Niagara Gazette

Features

February 6, 2012

RIVERKEEPERS: Tending the waterways

NIAGARA FALLS —

At the edge of Cayuga Creek, near a busy roadway in LaSalle, Kerri Bentkowski checked the green wire fence surrounding some scrawny, bare trees and shrubs.

The young plants needed to be protected through the winter as they have a big job ahead of them. They’re going to help keep Niagara waterways clean.

The little patch, which sits on a narrow strip of grass along busy Cayuga Drive near the public library, is part of an effort by Buffalo Niagara Riverkeeper to fortify the area’s fresh water supply. The effort is vast as the many waterways in the region and the non-profit organization is seeking volunteers to help the cause.

The goal is two-fold; protecting the water quantity and the quality, as well as connecting people to the waterfront.

“What we want to do is have constituency that is aware and loves their water and participates in the restoration,” Bentkowski said as she picked up a full beer bottle and empty tin canister lying in the grass. “It’s about educating the public on how they can help with the rivers ecology and why it is so important.”

Buffalo Niagara Riverkeeper is an environmental advocacy group, established in 1989, and Bentkowski is the citizen action coordinator.

She and the other riverkeepers want people to understand how vital our waterways are and that the Great Lakes and the Niagara watersheds represent 20 percent of all the fresh surface water on earth. Considering that 75 percent of the globe is covered in water and only 1 percent is drinkable fresh water, it’s important for area residents to understand that 20 percent of that fresh water passes through Niagara Falls.

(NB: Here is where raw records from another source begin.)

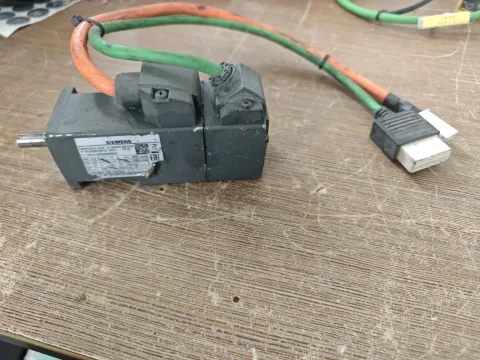 Siemens 1FL6024-2AF21-1AA1 Motor & Drive Component product photo 1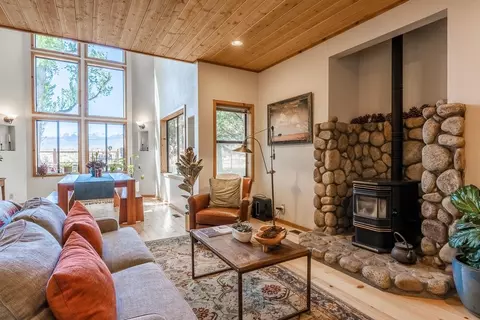 150 Hardy, Bishop, CA 93514 photo 5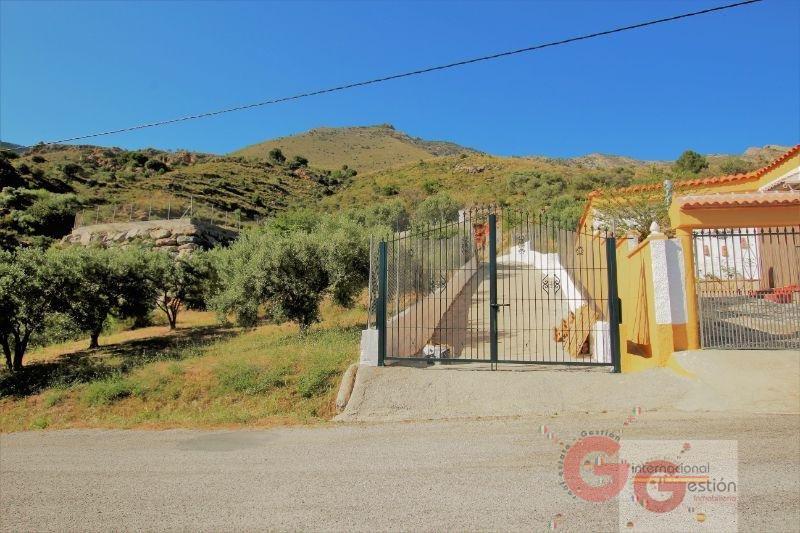 For sale of land in Vélez de Benaudalla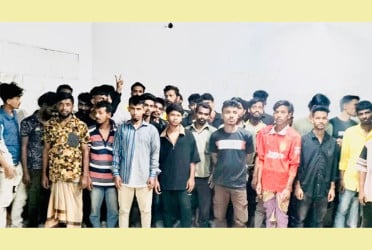 রাজধানীর মোহাম্মদপুরে বিশেষ অভিযানে গ্রেফতার ৩৫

“This water is kind of like a savings account and if you look globally (at) the scarcity of water, you are seeing that fresh water is becoming a rare resource,” Bentkowski said.

 To protect what they consider a precious resource, Riverkeeper members have turned their attention to these small creeks and streams, because they play a large role in the quality of water that follows in the Niagara River.

Bentkowski opened a map showing all the watersheds that Buffalo Niagara River Keeper is interested in protecting and restoring, covering four counties. “All these watersheds are linked and they all eventually flow in the Niagara River,” Bentkowski said.

The group is seeking community members and landowners along these waterways to help fortify the banks of the rivers and creeks.

She pointed across the Cayuga Creek at a neat piece of property with a tidy lawn whose homeowners have built a wooden wall along the riverbank.

“That is not a natural riverbank,” Bentkowski explained. “The barrier looks really nice and so does the yard, but there is not any plant life that would stop land erosion and help absorb some of the ground water that could carry harmful fertilizers or pesticides into the creek, which hurts the quality of water.”

Such examples provide more reasons why the group plants shrubs and trees along the riverbanks.

Bentkowski is leading a program called the Niagara Riparian Restoration Program, and she hopes it will educate and encourage urban and suburban landowners who live on these waterways to develop forest buffers or other habitat features to enhance the vegetation along the water. That might include a rain garden, soft shoreline stabilization, or enhancing meadows, and wetlands on their properties, which fortifies the watershed as well as provides a home to wildlife.  

The restoration program has had some success, Bentkowski said. It has restored 4,570 linear feet of streambank and seen the planting of over 1.43 acres of native plants. But, more work is needed and more help is sought, more so in the Niagara Falls area than some others.

Protecting the fresh water of the Niagara River is especially important to the local economy, according to Thomas DeSantis, senior planner for the Department of Planning and Economic Development in the city of Niagara Falls. He views the bi-national Niagara Region as having an added responsibility of protecting the high profile of the falls in Niagara Falls.

“If we didn’t have water and the Niagara River, then we wouldn’t have Niagara Falls,” he said. “We would just be another place.”

“Essentially Niagara Falls is water and it’s about water and therefore we have this added responsibility locally and as stewards of the Great Lakes to protect it,” DeSantis added.